Available as both a hatchback and a fastback (booted version) this is a very stylish, good looking family five-seater.
If your priority is fuel consumption then the best-selling 1.5-litre diesel could well be your choice with its promise of more than 74 miles per gallon.
But with almost 69mpg the larger 2.2-litre I opted to drive is not too far behind.
The latest version has undergone a few minor changes recently, although externally you would be hard pressed to spot the differences which have been restricted mainly to the grille and lights.
Inside the cabin the changes are more significant with the fitting of an electric handbrake instead of a manual one which gives space for two cupholders, a new-look dashboard and gloss black trim on the doors and around the gearshift.
The old Mazda3 could never be accused of being noisy but the Japanese car maker has decided to add even more sound deadening material to the new one to ensure occupants can chat comfortably without raising their voices.
Smart embossed cloth seats are comfortable and the front ones are heated and boast sporting side bolsters.
Onboard features include a multi-function leather steering wheel and a centrally set seven-inch colour touch screen which controls the car's "infotainment and connectivity system".
In plain English that means it gives access to the satellite navigation system, the DAB audio system, the on-board computer and connections for your mobile telephone.
For the size of the car a 2.2-litre diesel is a relatively big engine so you would expect lively performance and the Mazda3 doesn't disappoint.
There's plenty of gutsy response from this 150bhp unit and it's delivered in a refined manner ensuring that the cabin is comfortably quiet.
This year's models benefit from Mazda's Transient Control, which the company says reduces turbo lag and provides the sort of throttle response normally associated with a petrol engine.
It's certainly a car which has the uncanny knack of being able to combine the comfort and ride quality of an up-market hatchback with the handling and agility of a sportscar.

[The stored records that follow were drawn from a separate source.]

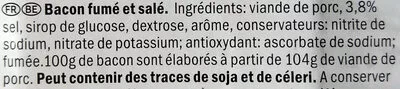 Lista de ingredientes del producto Bacon fumé Saint Alby 150 g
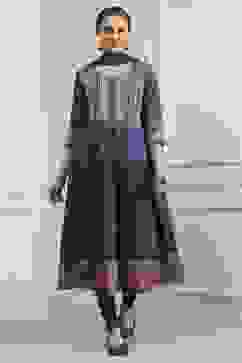 Indigo Cotton Printed Anarkali Suit Set image number 6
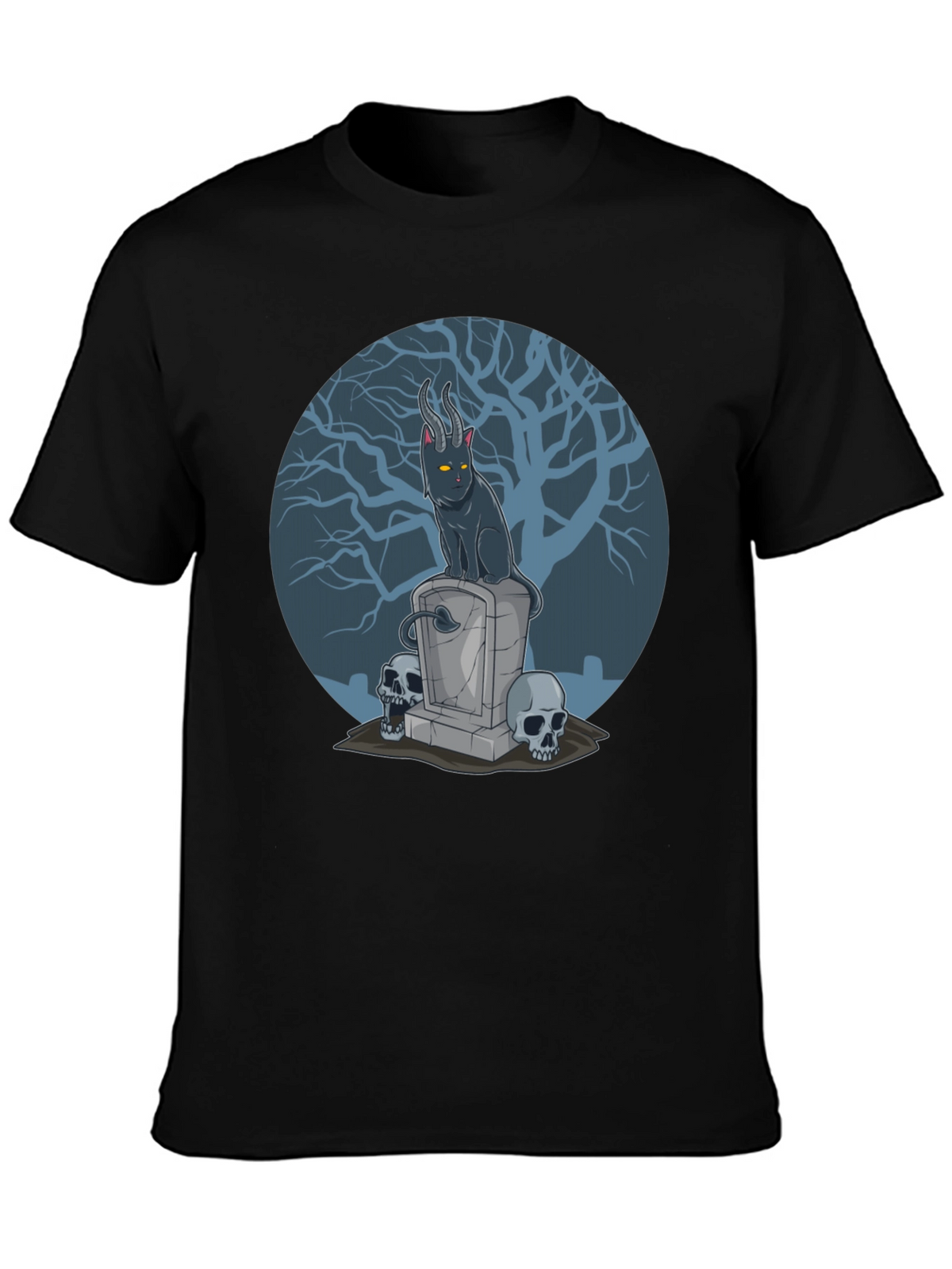 Gothic Devil Cat on Tombstone T-Shirt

Revised dampers have not only improved the ride but helped with the feedback to the driver.
A short throw gearshift is slick and easy to use and while sensors on the rear make parking easier there are none on the front, although you could argue they are not needed on a car of this length.
Sometimes good interior space in a car of this size means a tiny boot but in this case there's a generous 364-litres with the seatbacks up and 1,263-litre with the 60-40 split rear seats folded down.